Looking over the pond at the recent US Senate hearings for Brett Kavanaugh we see the end game of this bullying culture. A process supposed to examine professional suitability, qualification and experience hijacked by a process of politically-driven character assassination. An assassination sweetly wrapped up in a candy coating of women's rights, "me too" and concerns about historic sexual abuse. It may be that I am a cynic but, while I understand why three decades ago, many accusations of sexual assault wouldn't get the serious response from the police they get today, I can't understand why the allegation was presented to a newspaper and a democratic member of congress not to an authority able to investigate, arrest and make charges?
It may be that all the accusations here are true (and please can we stop with the entirely faith-based "I believe the woman" nonsense) but it still reminds us that all of us - and especially politicians on the right - will be subject to this sort of bullying examination. I note the justifications from hangers on to the bullying mobs braying for blood - "structural oppression", "listening to victims", "privilege". Some of it - "privileged white men roaring themselves puce" - is almost poetic. But none of it hides the jarring reality that this is not about justice, indeed it is quite the opposite - justice is set aside because of who the target is (rich, right-wing, male). The very identity of the target is enough to justify ignoring the normal rules of decency and law - they are right wing therefore they are, in the eyes of the righteous mob, sinners to be destroyed - "In every restaurant, shop, office, corridor and street" as The Guardian's Caitlin Moran Tweeted echoing John McDonnell's call to violence:
He told the Unite the Resistance rally that elected Conservative MPs should be targeted because they are “social criminals”.I wish my colleagues looking to fight elections against this sort of mob all the very best against people who propose strikes and violence if the public vote the wrong way and who believe that vile personal attacks are the way to conduct political debate. I look in awe as women like Kate Andrews rise above bigoted, unpleasant personal attacks and I wonder how long it will be before one of these baying mobs gets their way as some young right-wing politician kills themself. The unremitting negativity of the language, the personal attacks, the refusal to debate other than in terms of insult, the waving of identity rights as a way to close down debate - a putrid stew of nastiness designed to make it impossible for people to set out a case for conservatism.

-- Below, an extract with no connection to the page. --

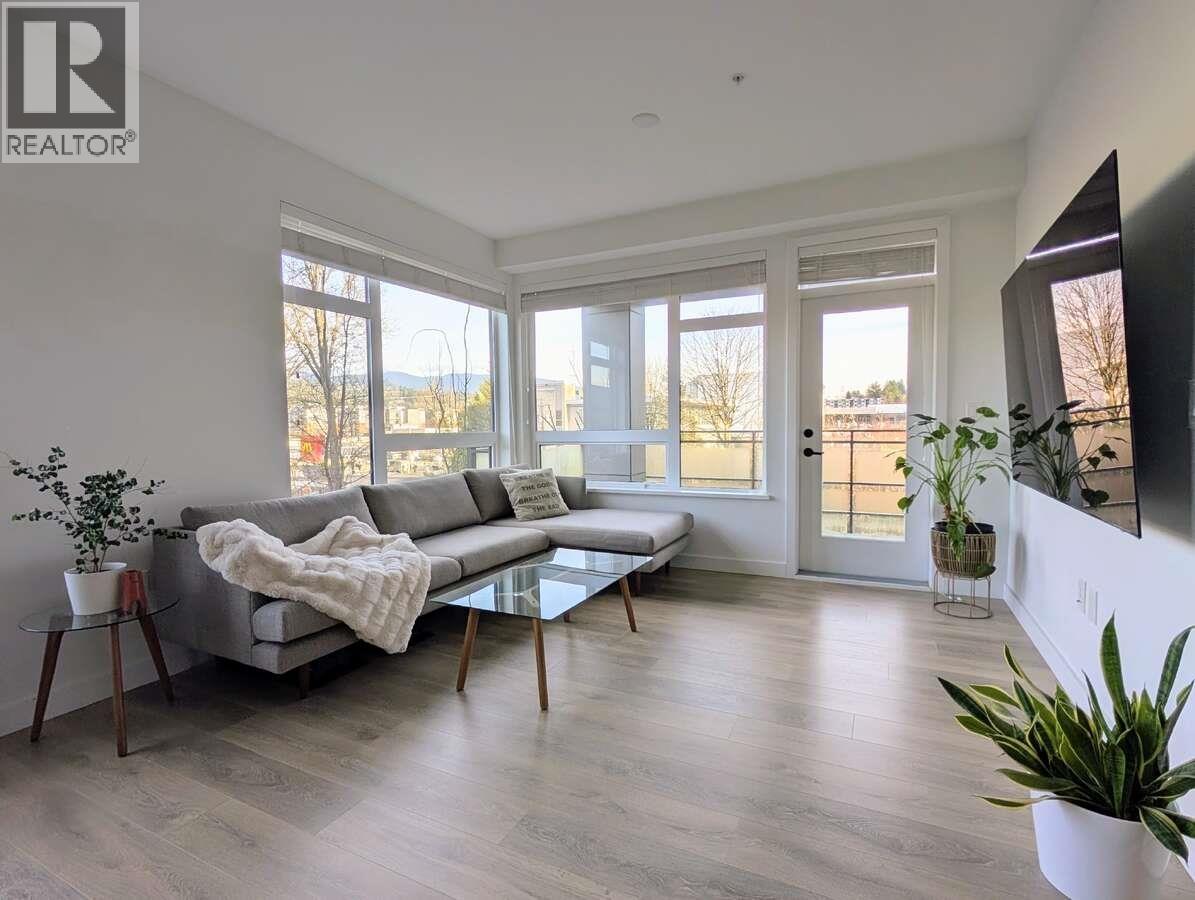 316 3038 ST GEORGE STREET, Port Moody, British Columbia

Mr McDonnell added: “I want to be in a situation where no Tory MP, no Tory or MP, no Coalition minister can travel anywhere in the country or show their face anywhere in public without being challenged by direct action.”
If we want good people to go into politics, we've got to stop this grisly pantomime because right now all it leaves is triumphalist bullies waving the heads of defeated opponents on sticks. I know there's always been a gladiatorial element in politics but it was, most of the time, conducted on the basis of ideas, policies and debate not on shouting down, banning or closing off that debate while attacking the opponent on the basis of something they said after five pints when they were seventeen. Nobody survives that sort of attack and politics is made the worse for it, where once there was a sense that we served the folk who elect us there is now just a bear pit watched by that blood-speckled mob high on the pornography of violence.

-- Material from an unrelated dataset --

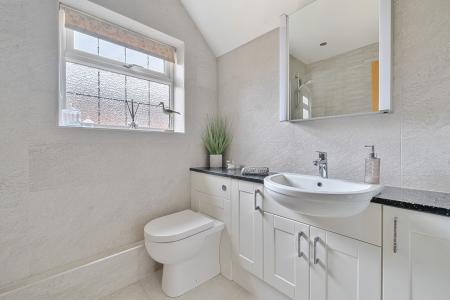 1370642-22-68fa1f...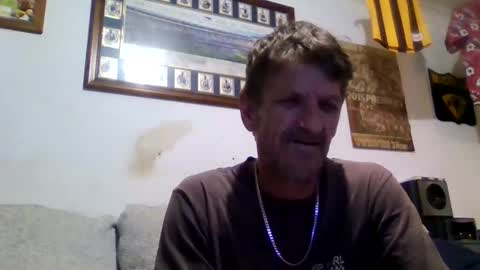 Snapshot of niceozziecockxxx chatting on 19, 10, 2025 Sexiishaine online show from 19, 10, 2025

And away from that pit there's another world, one of ordinary people bemused by the sheer unpleasantness of it all. For some it is simply reframed as another branch of the entertainment business but for many its why they think so little of politics and politicians - "they're all the same", "crooks", "only in it for themselves", "not interested in us". I've heard these comments all my life, my wife gets angry when people say them in my presence, and I know they don't apply to most politicians, especially local politicians, but the spectacle of character assassination, name-calling and personal attack, egged on by that mob, makes it easy to see why people say these things.
So, with apologies for the slightly ranting nature of this, I think you'll understand why I'm pleased I leave politics in a few months time. And to those conservatives still active or wanting to get involved - especially in national politics - stand up for what you believe, speak clearly, ignore the bullies and don't let the mob win.